* _Exercise_: Transcribe all of the data exactly. Images stay out.

* _Recorded information_:
Segment Open

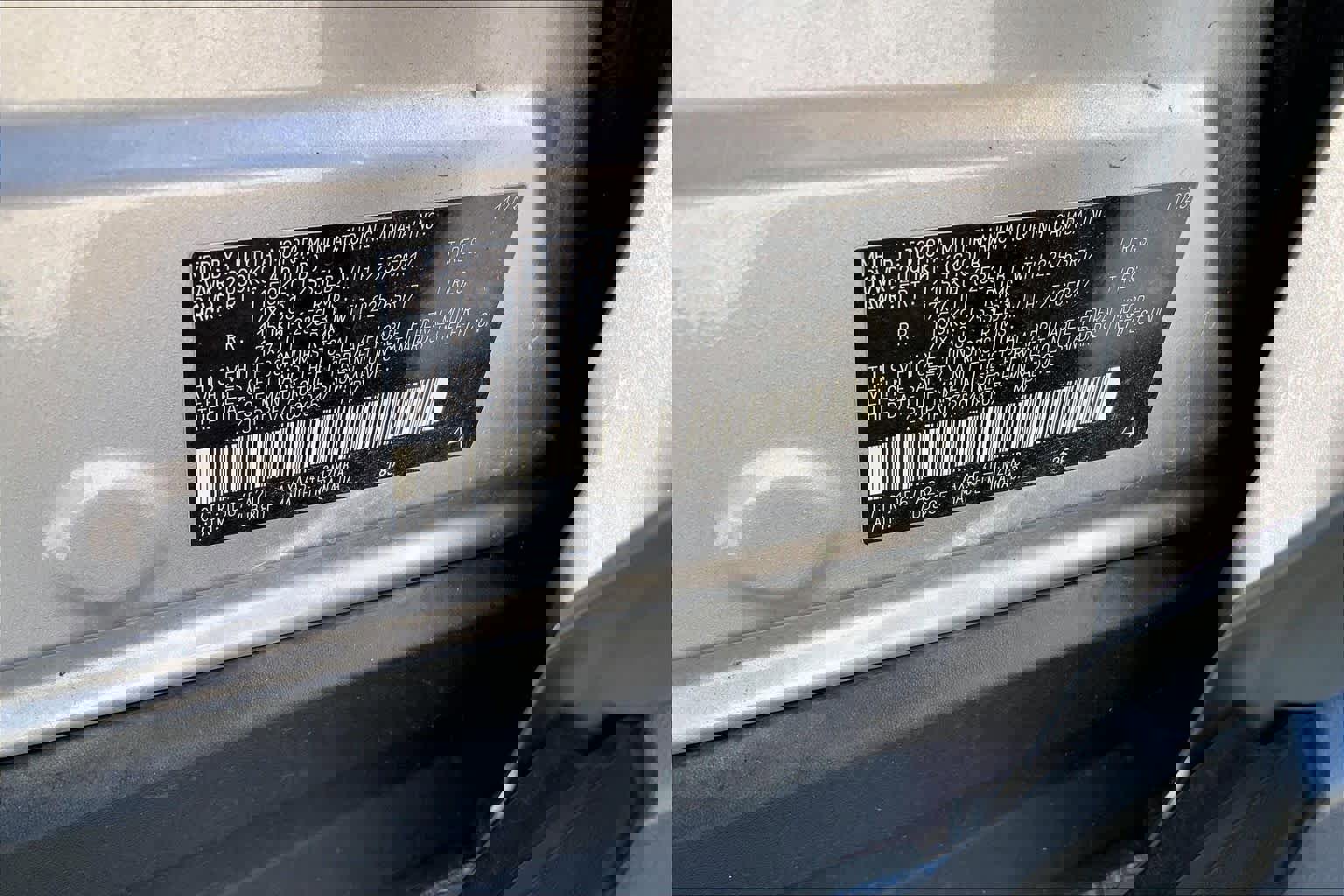 Used 2024 Toyota RAV4 XLE image 30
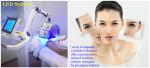 970cm2 LED Photodynamic Therapy Machine 300W Pigment Removal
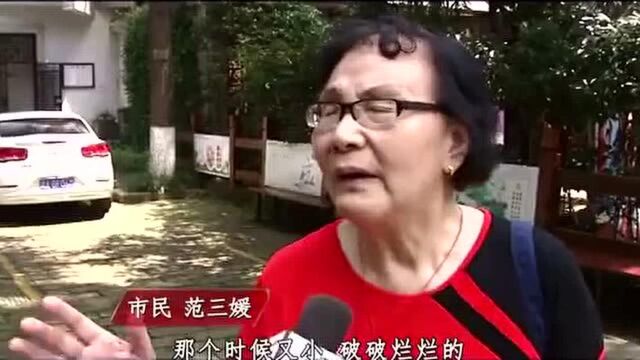 湖南历史长沙地标故事历史见证者天心阁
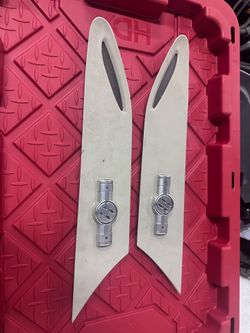 Frs rs2 fender garnish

Segment Closed

* _Reply to the task_:
 Used 2024 Toyota RAV4 XLE image 30
 970cm2 LED Photodynamic Therapy Machine 300W Pigment Removal
 湖南历史长沙地标故事历史见证者天心阁
 Frs rs2 fender garnish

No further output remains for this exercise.